_What the exercise asks_
The reply should hold every line of the data below, unchanged, and none of the pictures.

_Dataset section_
_____
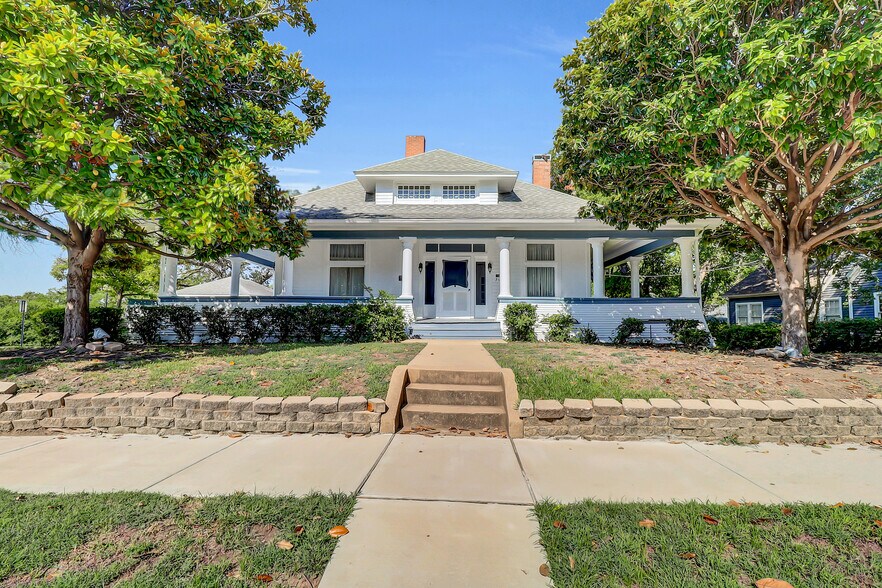 Primary Photo Of 312 S Tennessee St, McKinney Office For Lease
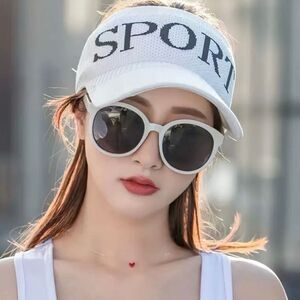 NWT Gorgeous SPORT White Black Graphic Knit Visor Elastic Sun Hat UV Protection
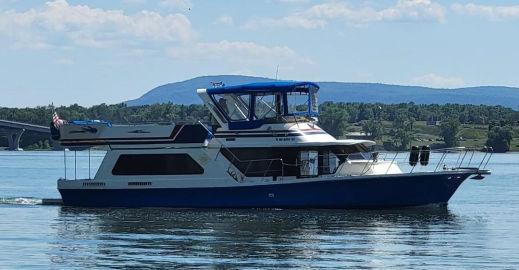 1986 Bluewater Yachts  Motor Yacht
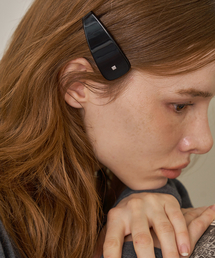 S'SECONDO（セコンド）の「Giselle triangle side hairpin（ヘアピン）」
_____
_Written solution_
 Primary Photo Of 312 S Tennessee St, McKinney Office For Lease
 NWT Gorgeous SPORT White Black Graphic Knit Visor Elastic Sun Hat UV Protection
 1986 Bluewater Yachts  Motor Yacht
 S'SECONDO（セコンド）の「Giselle triangle side hairpin（ヘアピン）」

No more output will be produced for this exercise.